## Data below
_ _ _ _ _ _ _
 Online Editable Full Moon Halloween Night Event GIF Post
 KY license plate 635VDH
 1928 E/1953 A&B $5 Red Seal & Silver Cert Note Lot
_ _ _ _ _ _ _
## What you have to do
Set down, please, the lines from the line holding "KY license plate 635VDH" through the final line of the data, exactly and with nothing added.

## Exercise solution
 KY license plate 635VDH
 1928 E/1953 A&B $5 Red Seal & Silver Cert Note Lot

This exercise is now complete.